Tests on the VisDrone2019 dataset show that MSConv-YOLO outperforms the baseline YOLOv8s, with a 6.9% rise in mAP@0.5 and a 6.3% improvement in recall. It also achieves consistent performance gains across both common and long-tail categories. Ablation studies further confirm that the three improvements work together to enhance performance, with their combined effect leading to the most notable gains.

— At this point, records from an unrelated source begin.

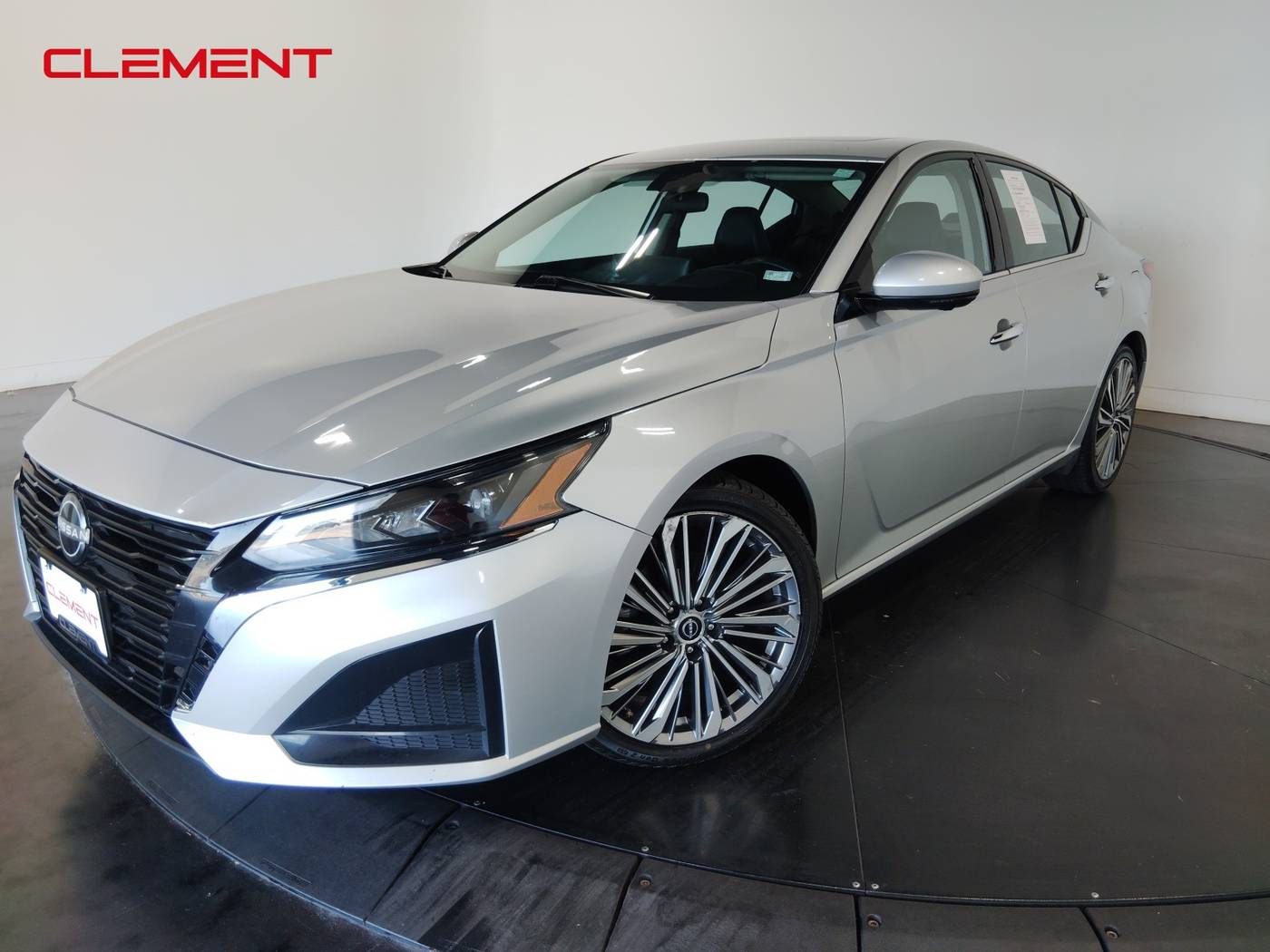 2023 Nissan Altima SL — Sedan — 53,051 mi — Florissant, MO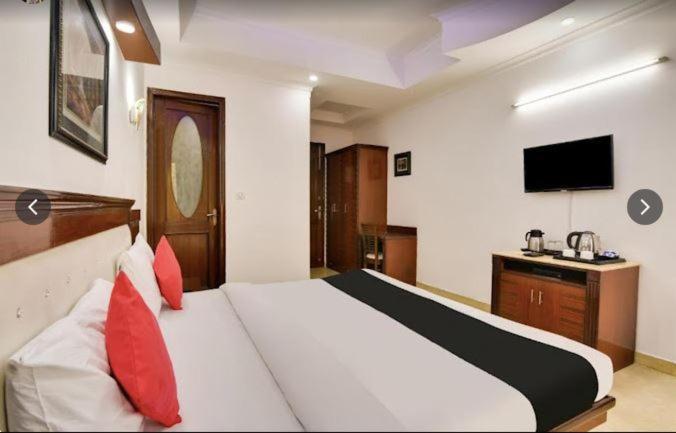 Tjs Royal Hotel Delhi  Eksteriør billede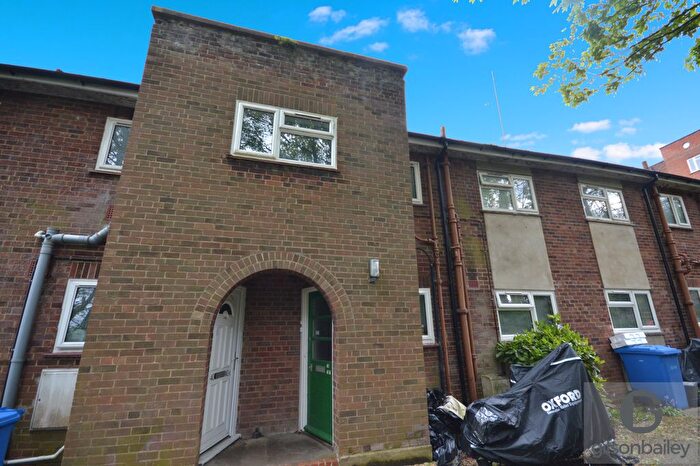1 Bedroom Flat To Rent In Earlham Court, Heigham Grove, Norwich, NR2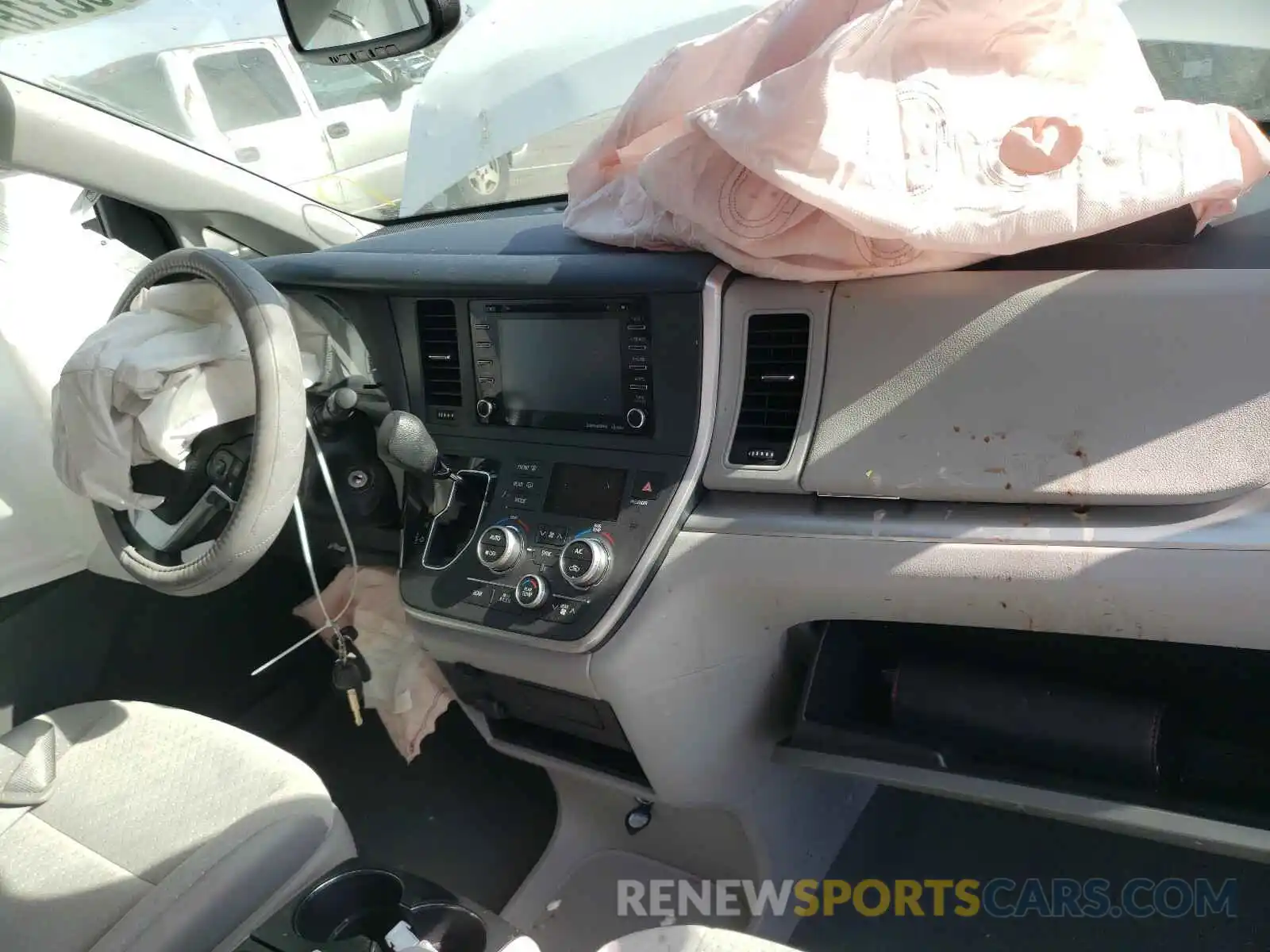 9 Photograph of a damaged car 5TDKZ3DC6LS046065 TOYOTA SIENNA 2020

The model proves valuable for UAV navigation systems, where real-time and accurate small target detection is essential. However, it has limitations: the increased computational load from the new detection layer and MSConv module may restrict its use on resource-limited devices. Future research will focus on lightweight optimisation, such as model pruning or knowledge distillation, to expand its application to more complex environments. Additionally, exploring transformer-based structures to boost long-range feature connections could further improve detection robustness.